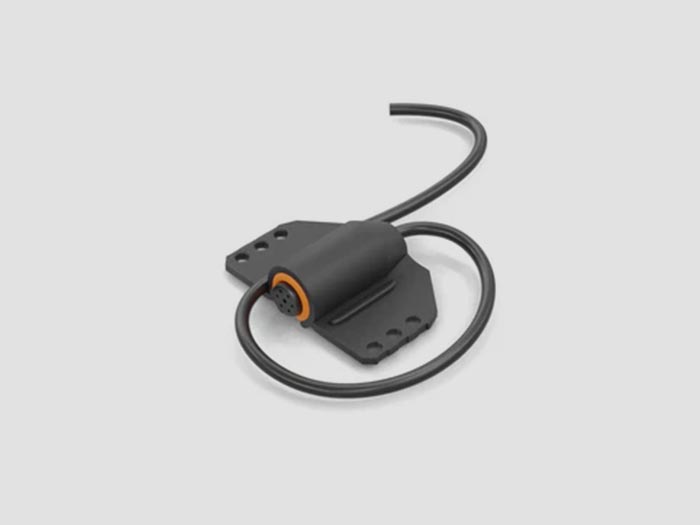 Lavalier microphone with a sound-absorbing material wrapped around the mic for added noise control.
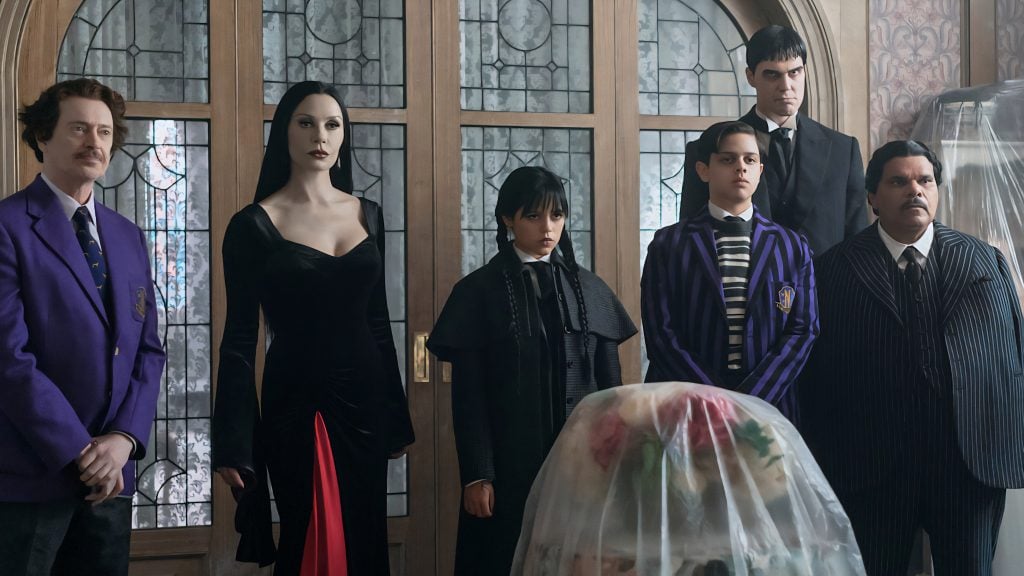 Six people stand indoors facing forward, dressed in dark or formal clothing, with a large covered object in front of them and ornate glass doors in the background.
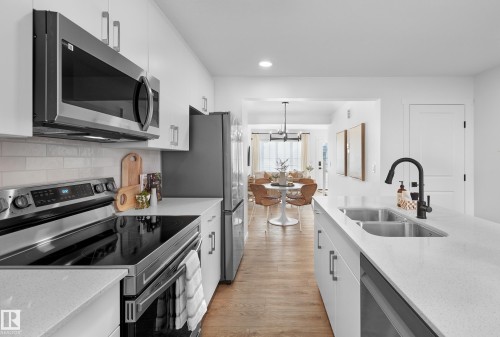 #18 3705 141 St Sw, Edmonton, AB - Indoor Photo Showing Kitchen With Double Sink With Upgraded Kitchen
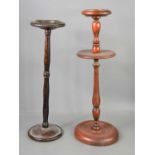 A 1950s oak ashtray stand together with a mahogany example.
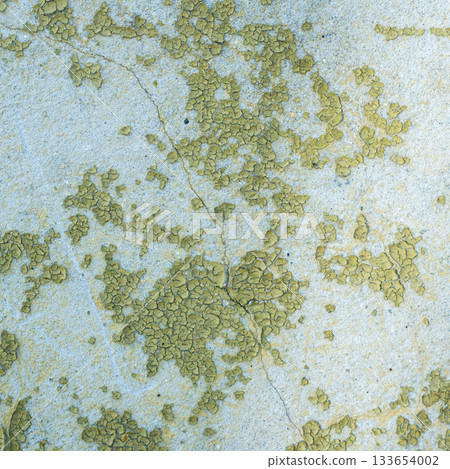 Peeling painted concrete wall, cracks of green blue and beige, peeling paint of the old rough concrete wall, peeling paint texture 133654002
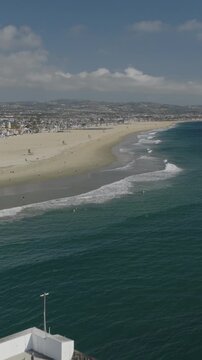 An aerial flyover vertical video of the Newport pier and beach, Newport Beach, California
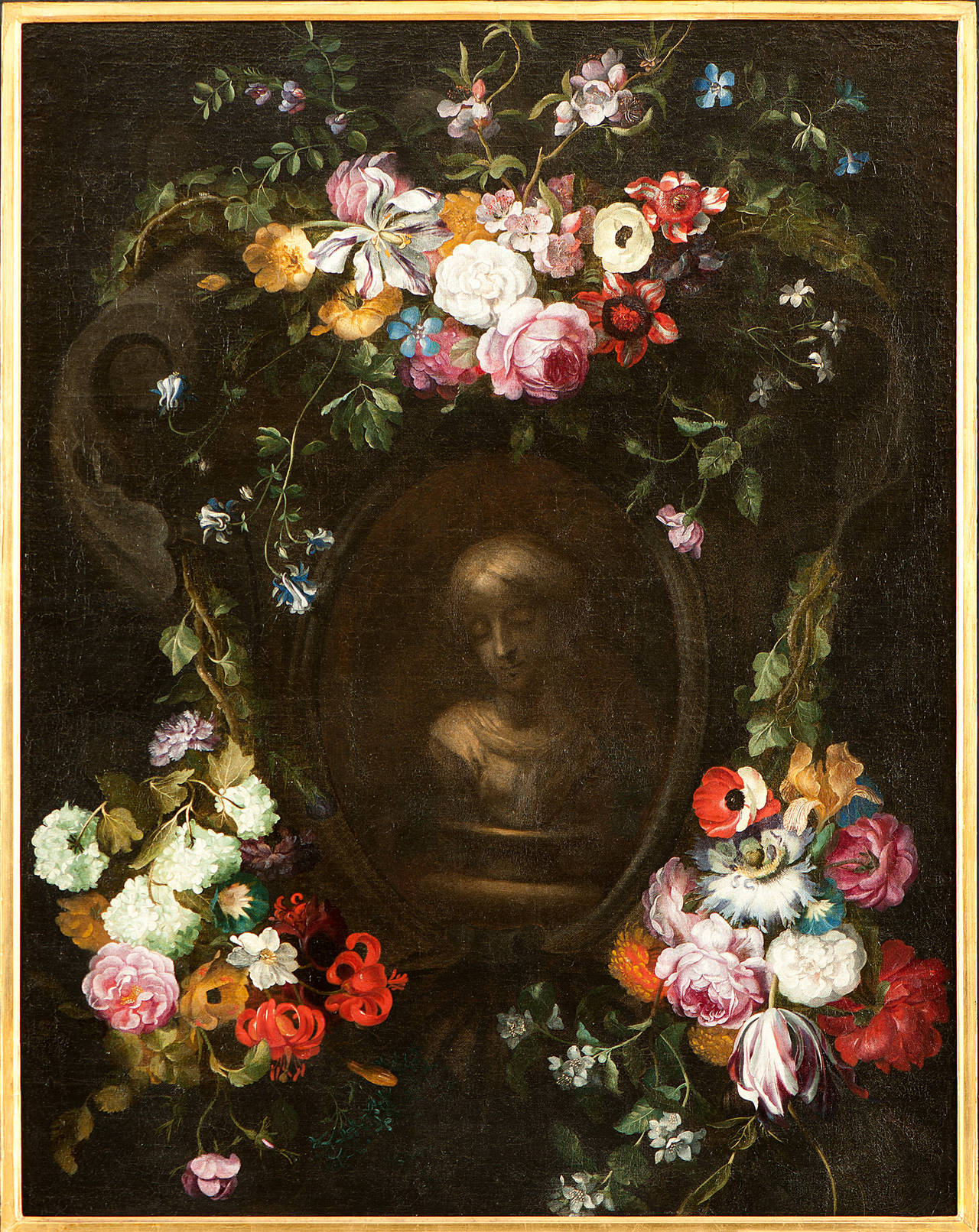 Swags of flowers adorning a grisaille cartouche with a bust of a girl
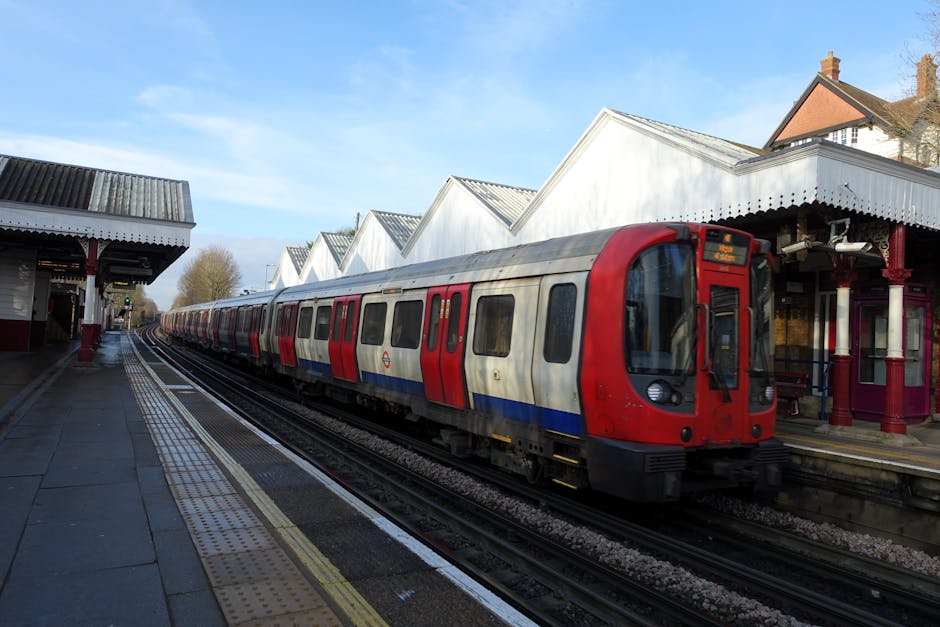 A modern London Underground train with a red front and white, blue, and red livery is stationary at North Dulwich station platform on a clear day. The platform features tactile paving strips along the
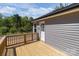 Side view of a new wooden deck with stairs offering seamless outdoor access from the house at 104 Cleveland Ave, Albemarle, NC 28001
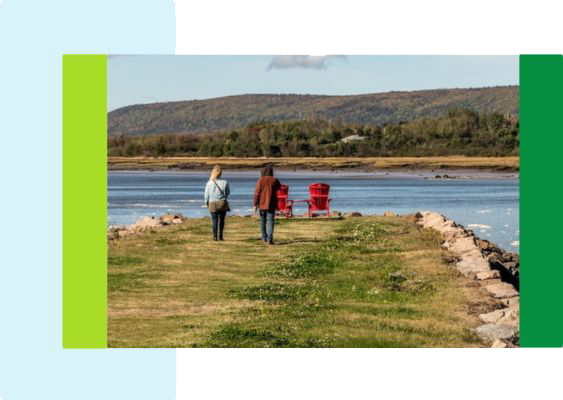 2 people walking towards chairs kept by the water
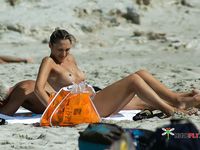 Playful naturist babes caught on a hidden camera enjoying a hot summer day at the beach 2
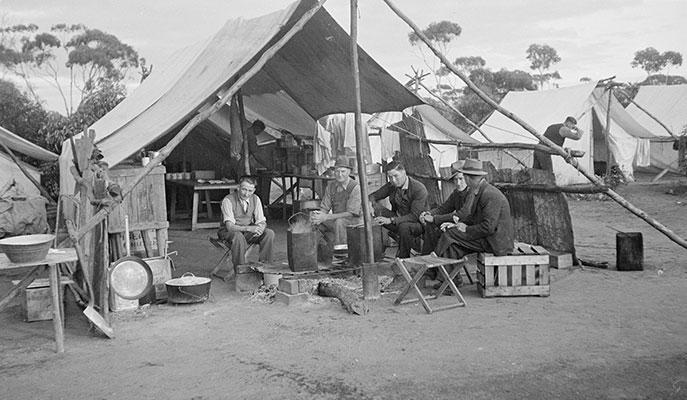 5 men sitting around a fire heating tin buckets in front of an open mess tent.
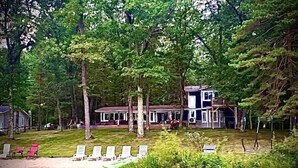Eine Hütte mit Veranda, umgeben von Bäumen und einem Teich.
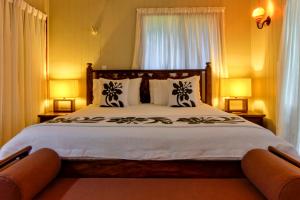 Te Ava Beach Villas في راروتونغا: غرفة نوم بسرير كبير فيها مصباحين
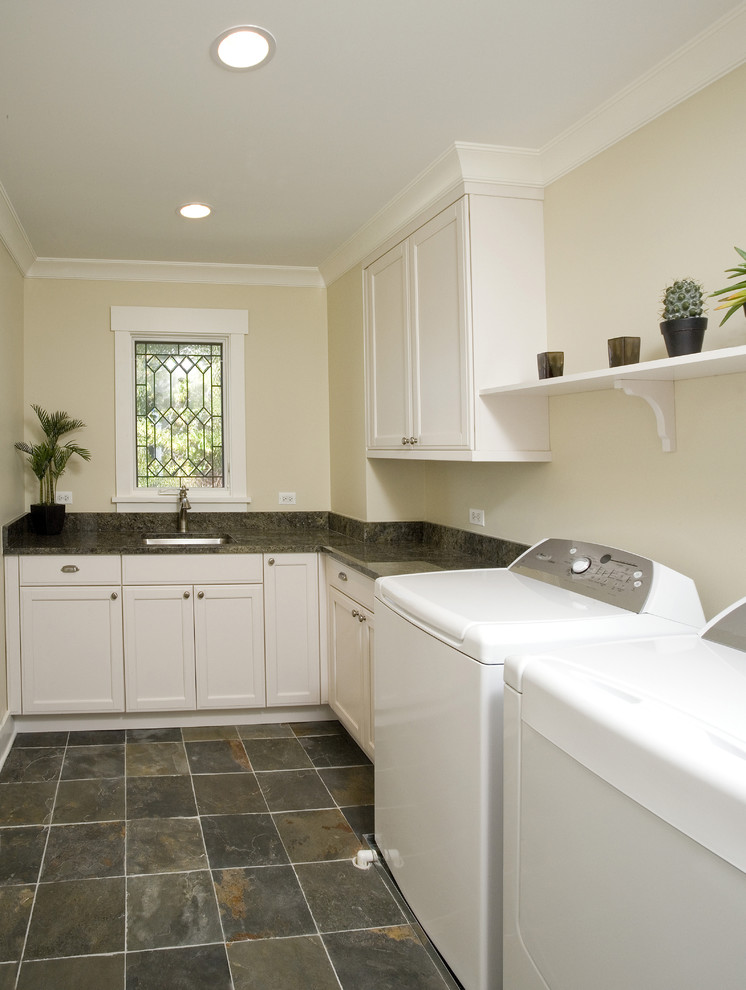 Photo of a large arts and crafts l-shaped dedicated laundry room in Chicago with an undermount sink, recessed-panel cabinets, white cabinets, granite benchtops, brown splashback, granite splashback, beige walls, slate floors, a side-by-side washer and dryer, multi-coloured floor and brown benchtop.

========

Please write out, word for word, each line from the one with "5 men sitting" to the last line of the data, keeping both ends and omitting pictures.

* **Response box**:
 5 men sitting around a fire heating tin buckets in front of an open mess tent.
Eine Hütte mit Veranda, umgeben von Bäumen und einem Teich.
 Te Ava Beach Villas في راروتونغا: غرفة نوم بسرير كبير فيها مصباحين
 Photo of a large arts and crafts l-shaped dedicated laundry room in Chicago with an undermount sink, recessed-panel cabinets, white cabinets, granite benchtops, brown splashback, granite splashback, beige walls, slate floors, a side-by-side washer and dryer, multi-coloured floor and brown benchtop.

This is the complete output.